La réforme de la régulation financière, qui vient d'être adoptée au Sénat et dont le texte doit être finalisé avant promulgation, risque de coûter cher aux banques de Wall Street en limitant certaines de leurs activités les plus lucratives.

«Ce n'est pas bon pour nous», déclare sobrement un responsable d'une grande banque de Wall Street ayant requis l'anonymat.

Selon les analystes de Bank of America-Merrill Lynch, la réforme pourrait coûter aux banques de Wall Street entre 30 et 50% de leurs revenus de courtage, ce qui se traduirait par une baisse du bénéfice par action allant jusqu'à 20%.

«C'est sur les banques d'investissement que les restrictions potentielles sur le courtage en nom propre et les produits dérivés devraient avoir le plus d'effet», renchérit l'agence de notation Standard and Poor's (SP). «Ces mesures pourraient occasionner une baisse significative des recettes et des bénéfices dans les prochaines années», ajoute-t-elle.

Toutes les grandes firmes de Wall Street avaient déployé des armées de lobbyistes pour tenter d'influencer le débat législatif, selon le centre de recherche indépendant Center for Public Integrity, qui chiffre à 1,3 milliard de dollars les sommes déboursées par les banques pour défendre leurs intérêts au Congrès.

Mais les remous autour de la plainte déclenchée par le gendarme de la Bourse américaine (SEC) contre Goldman Sachs, accusée d'avoir trompé des clients, a contribué à faire pencher la balance de l'opinion et des parlementaires en faveur d'une réforme poussée.

Outre la création d'une instance de protection des consommateurs au sein de la Banque centrale américaine, des obligations de réserves de capitaux renforcées, le projet de loi prévoit des mesures pour réglementer et organiser autour de chambres de compensation le très opaque et énorme marché des dérivés, à l'origine de la crise financière de 2007-2008.

Les banques pourraient même se voir interdire de commercialiser des swaps, produits financiers qui s'assimilent à des assurances.

Autre éventualité qui ne figure pas dans le projet adopté au Sénat mais à laquelle tient le président américain Barack Obama, l'interdiction aux banques de mener des activités de courtage en nom propre inquiète d'autant plus que celles-ci représentent une part croissante des activités de nombreuses institutions financières.

Goldman Sachs a ainsi tiré au 1er trimestre 2010 80% de ses revenus de ses activités de marchés, le reste provenant de celles de banque d'investissement ou de gestion de fortune.

La plus grosse banque américaine, Bank of America, est revenue dans le vert pendant la même période, poussée par une «forte activité de marchés» et des recettes «record» de courtage.

Les banques d'investissement Goldman Sachs et Morgan Stanley devraient être les plus touchées par la réforme.
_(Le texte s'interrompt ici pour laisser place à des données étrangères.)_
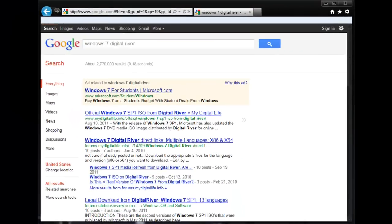That's the whole key right there. Digital River is the content provider that Microsoft uses to distribute Windows 7 along with their office packages and some other packages.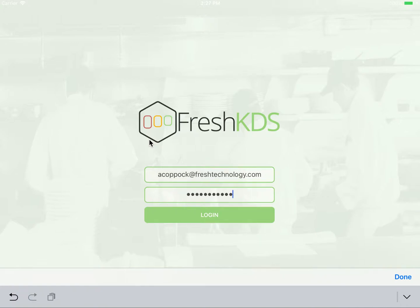Thank you for your interest in Fresh KDS. Your first steps to using KDS will be to register on our Fresh Tools website.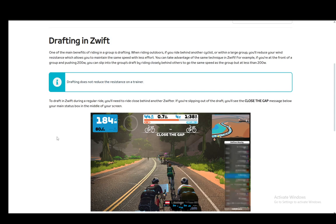The animation may change when you actually start drafting — instead of having hands down below the handlebars near the brakes, your avatar will put them up top, and that pretty much means you're drafting. Keep in mind this animation won't play if you have the Tron bike, but in essence that's all there is to drafting.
Citigroup, JPMorgan et Bank of America devraient l'être un peu moins car leurs revenus reposent notamment sur des activités de banque de détail.
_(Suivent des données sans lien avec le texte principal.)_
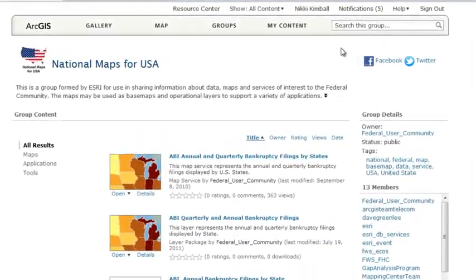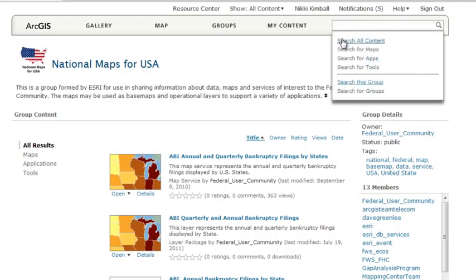Groups provide an easy way to collaborate with others on a project or other common activity. They allow group members to share content about a specific topic, specialty, domain, or theme, such as this National Maps for the USA group where members from the federal GIS user community have contributed various maps.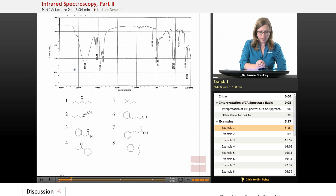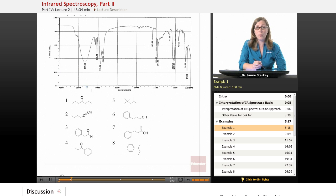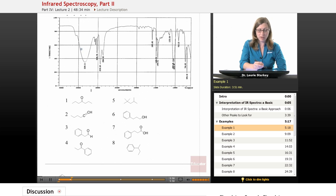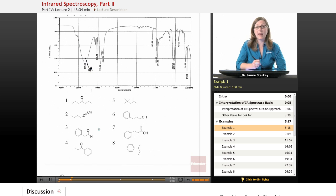We start by looking around 3300, which is where we find an alcohol — an OH. Do we have an OH here? We sure do. This big broad peak around 3300 is exactly what an OH looks like. So we can point to it, circle it, and label it clearly. Get into the habit of labeling your spectra.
En outre, souligne l'agence de notation Moody's, la future loi, qui cherche à éviter un nouveau sauvetage des banques à coup de fonds publics en cas de nouvelle crise, devrait «avoir des implications» sur la note de la dette des banques.

Mais la maison de courtage Keefe, Bruyette and Woods, juge «positif» le vote du Sénat car «les propositions potentiellement les plus coûteuses ont été éliminées», notamment l'idée d'imposer un plafond aux frais des distributeurs automatiques de billets.

SP juge également que les banques d'affaires devraient «continuer à bénéficier d'un rebond cyclique dans les activités de fusion et acquisition» et voir la croissance de leur chiffre d'affaires «freinée mais pas arrêtée» par la nouvelle réglementation.